The same is true in investing. You don’t want one crash to wipe you out. You don’t want to invest in a company where you will never get your money back. And in the case of me making a mistake of analysis, you don’t want your money gone in case you made the wrong analysis. You got to have a margin of safety and its the basis of engineering and the basis of everything investing.
All other forms of investing like diversification is just a way to mitigate risk. A way of adding a margin of safety to a portfolio. You need to be able to spread your eggs on different baskets but not too much. If you’re investing in the Philippines, why not invest in the US?

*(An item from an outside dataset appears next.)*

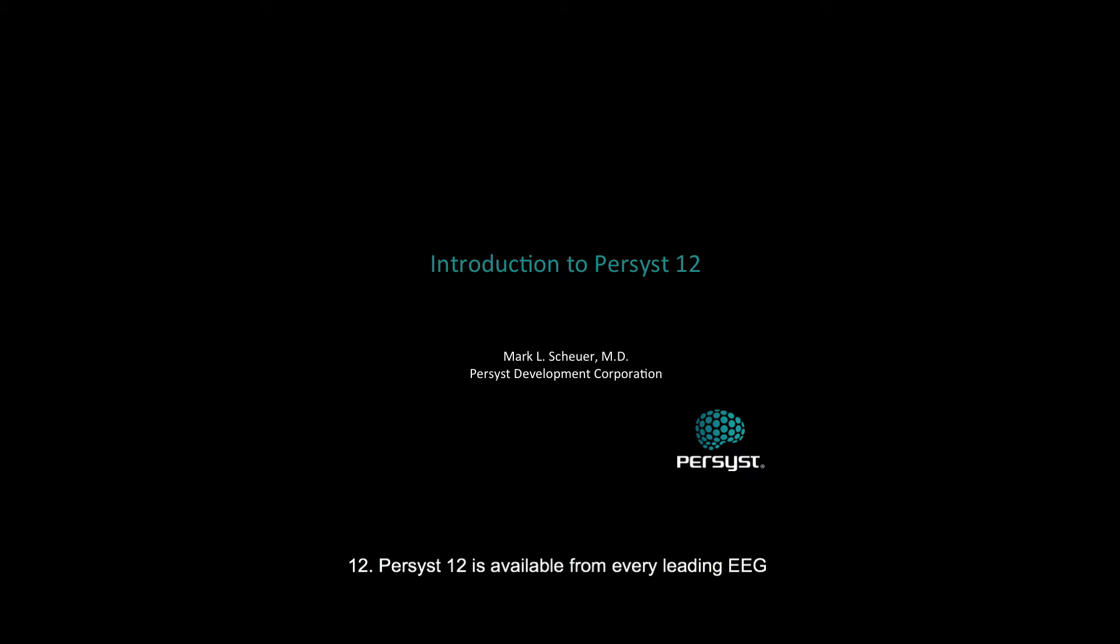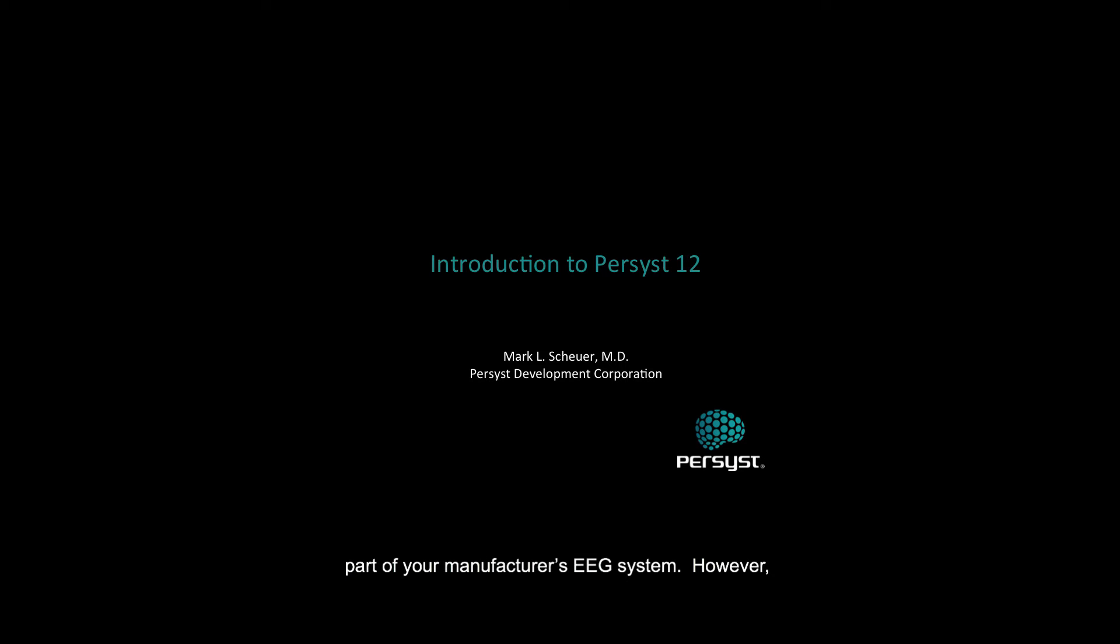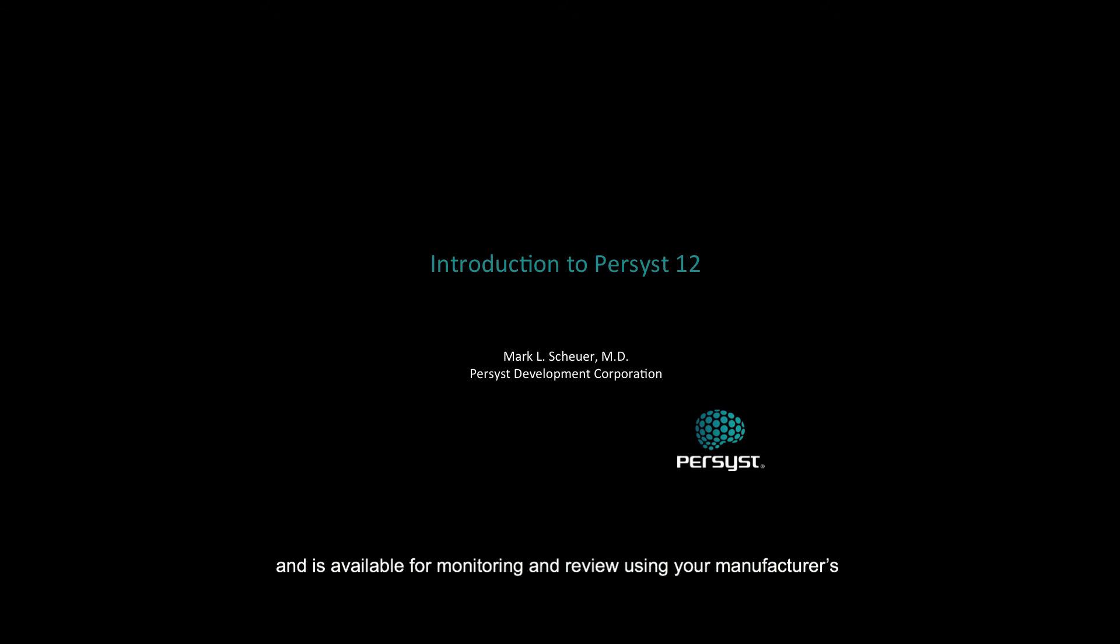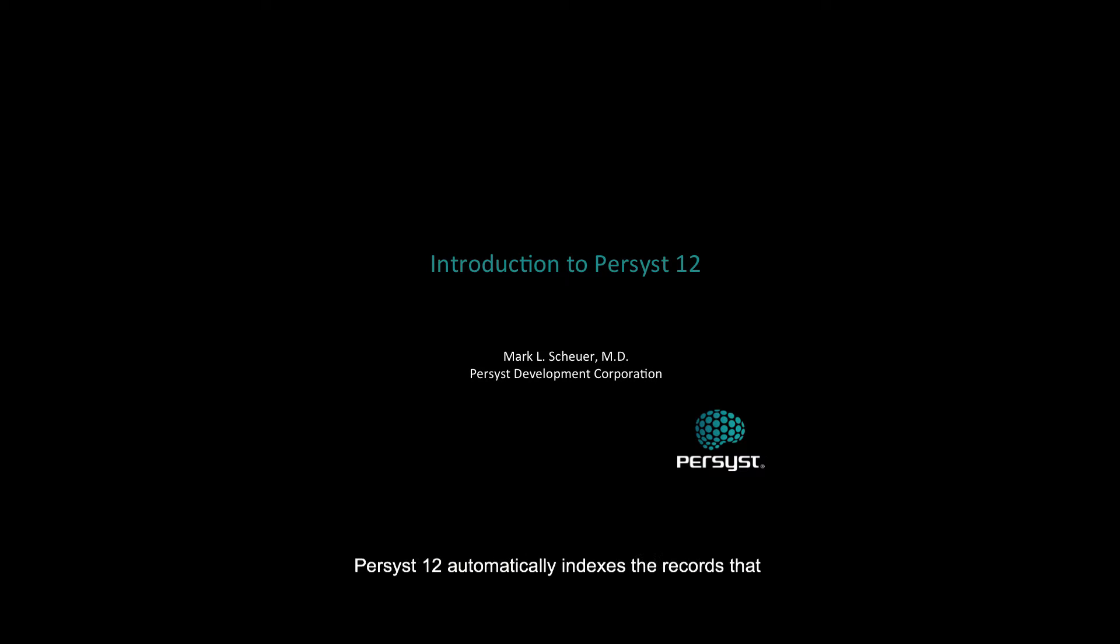Persyst 12 is available from every leading EEG manufacturer. Normally, you'd use Persyst 12 as an integrated part of your manufacturer's EEG system. However, since each system operates a little differently, in this video I'll be showing you the standalone version. When used in conjunction with your manufacturer's system, Persyst 12 analysis is performed automatically during acquisition and is available for monitoring and review using your manufacturer's standard database and review software.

There are lots of ways to diversify and it may not only be in stocks of other countries. Other forms of investments may also provide safety for you. Just because you invest in stocks does not mean you are a specialist in stocks. Like I said, the best way to become a great investor is to be knowledgeable of many things. And learning about investing on other things like real estate, private equity is just a natural flow of learning for an investor.
I just recently got interested in learning about real estate. And while learning, I realized that real estate is more about knowing the laws rather than actual investing so I read up on property laws. Nobody is telling me to read all this stuff. I just find it interesting and just following my curiosity. I even applied to a job for a publicly owned real estate company just to learn about the real estate field. I have since resigned once I learned all I needed to learn.
You can consider this my scuttlebutt approach but I did learned a lot. And I wouldn’t learn much about all those things I know now just by reading financial statements. Sometimes, reality is so much different on what we read. You really have to see it with your own eyes and make your own conclusions.
So the most important part of being an investor is not merely because of knowledge related to finance. It’s actually those things that are not related to finance that are more important. The more you learn, the more you get competence and the more edge you have. And you add to that edge if you read a lot or experience a lot.
Some of the great investors are not graduates of business degrees. Soros was a philosophy major. Akre, english literature. Burry, a doctor. Pabrai and engineer. You can become a great investor if you can use your knowledge of something and turn it over to investing. That’s why reading and taking courses are very important for an investor. Your mind is your capital. You should invest in it regularly.
In conclusion, my point is…
You have to learn a lot, from different fields…
Its better to learn a lot of things, outside of investing and finance. Than it is to focus all your efforts to learning every little detail of analyzing a financial statement. To become a better investor, not only you should become a businessman (like Buffett said), you should also become a student of the world. Be interested in a lot of things and expose yourself to a lot of things. You may feel that what you are doing does not relate to giving you an edge on investing, like learning how to play the violin perhaps. But you’ll never know. If you’re interested in something, just do it. And with it, you’ll learn and you increase your circle of competence.
I am no way a great investor. I would consider myself just average. This post is just my opinion of what I notice other great investors are doing. And hopefully it would help us become great just like them.